The latest partnership announced by the SMART Infrastructure Facility and the Digital Living Lab aims to help transform the sport of surfing.
SMART is working with Professor Marc in het Panhuis, from the School of Chemistry and ARC Centre of Excellence for Electromaterials Science, to transform his development of 3D printed customised fins for surfboards.
Though the market is flooded with cheap Chinese boards, serious surfers are particular about finding a board that is customised to their individual style, and the unique conditions of their favourite surf.
When it comes to surfboard fins, however, it’s a different story.
Fins are aerodynamic foils that act like rudders while surfing, usually attached to the rear bottom of the surfboard. Fins were once permanently glassed into the board, but these days almost all boards have a removable fin system.
Manufacturers of removable fin systems make exceptional products, but the current manufacturing process involves injection moulding, which is very expensive. This pushes it out of economic reach for most surfers looking for a customised fin.
Enter 3D printing.
Professor in het Panhuis and his team of scientists and surfers have developed, designed and 3D printed surfboard fins made from composite materials, and have built and trialled prototype fins with flexibility similar to those available in shops (using funding from UOW Global Challenges).

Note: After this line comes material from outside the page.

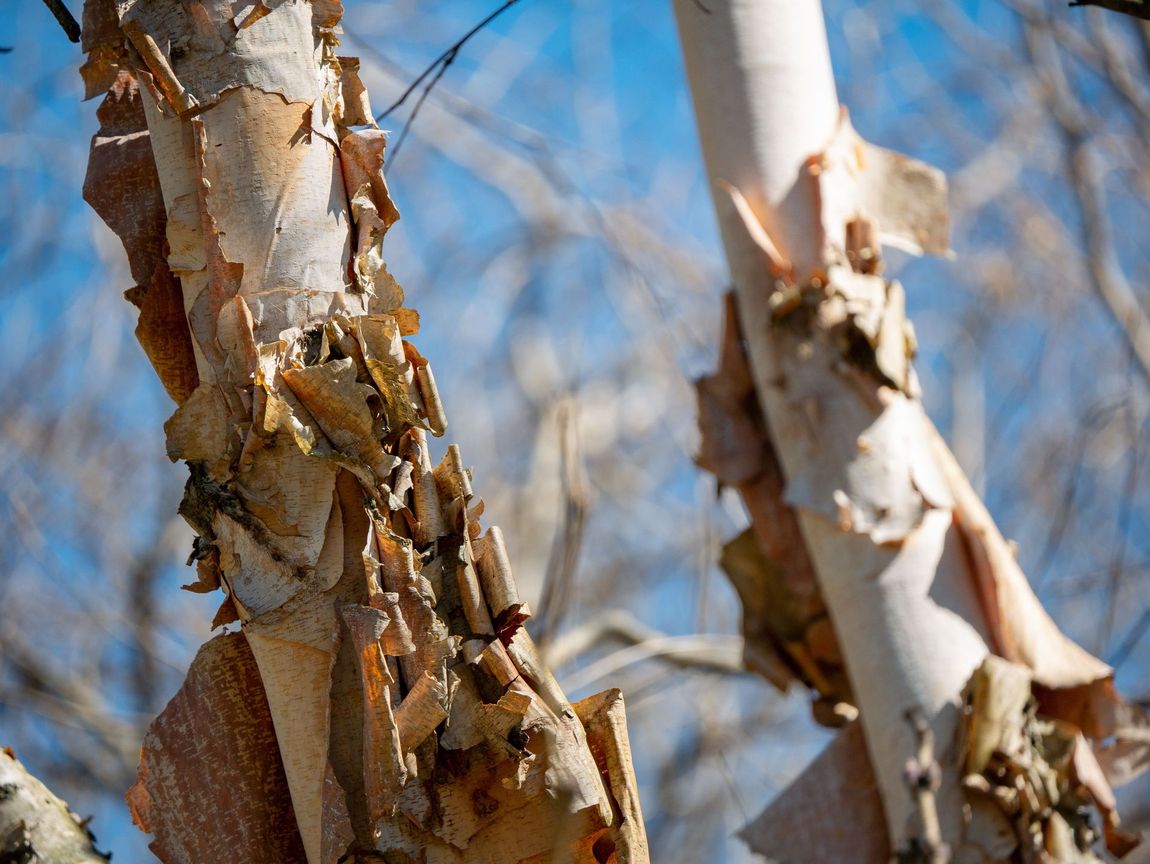 close up of river birch bark Florence SC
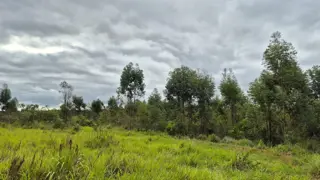 CAMPO EN VENTA EN GOBERNADOR ROCA MISIONES - 70 HECTÁREAS A METROS DE RUTA N°12 foto 4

The problem is the sheer volume of data that quickly accumulates.
‘Every time we surf, each surfer generates five spreadsheets of raw data plus a unique data file for each wave that is surfed,’ Professor in het Panhuis says.

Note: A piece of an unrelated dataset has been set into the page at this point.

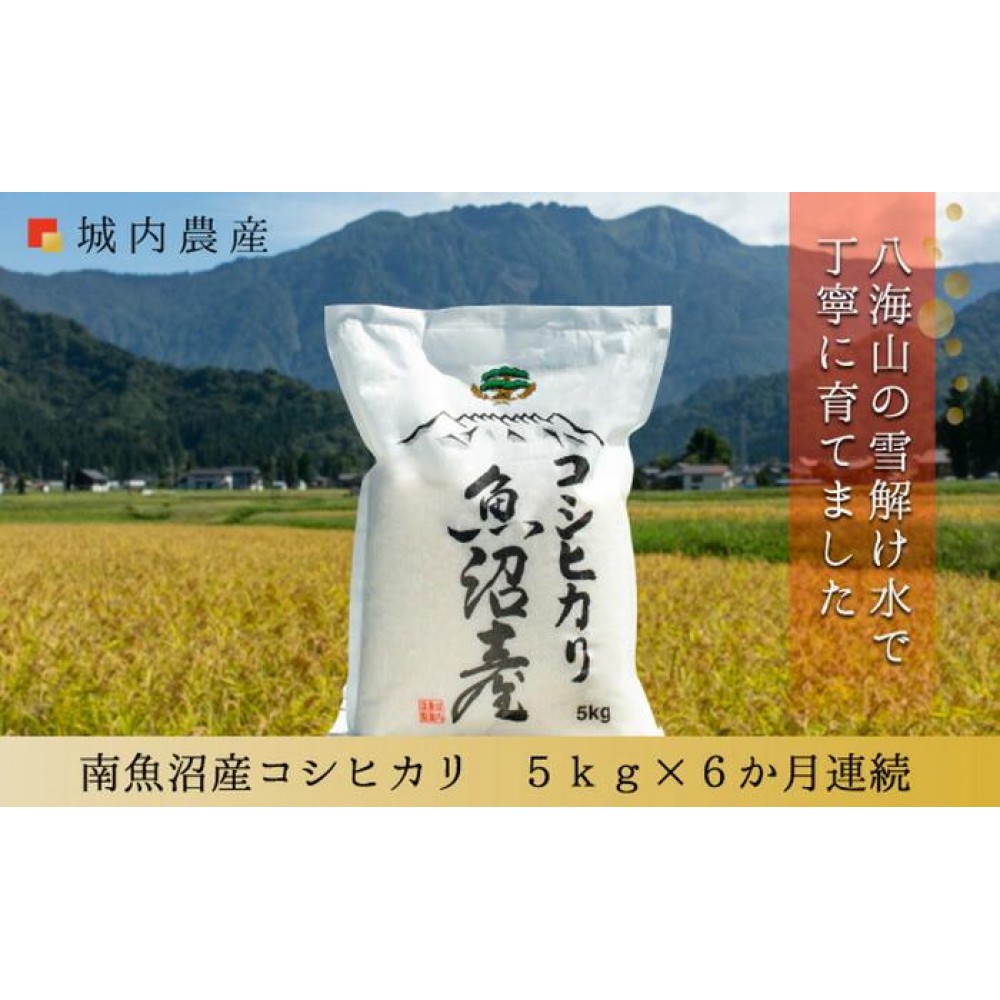 【令和７年 産新米】【お米定期便/全６回】南魚沼産コシヒカリ　白米５ｋｇ＜５割減農薬栽培米＞ 城内農産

‘Typically, a single surfer can easily ride 30 waves in an hour, so that’s a lot of data that I currently have to process manually.’
The team is now working with the Digital Living Lab to upload the data through the cellular network and develop software that will process the raw data and deliver the analysis for the perfect fins to suit the beach, the surf conditions and the surfer.
Once developed, the application will massively decrease the time spent sifting through raw data, and will speed up the process of creating the perfect combination of fins and board for the surfer, the beach, and the surf.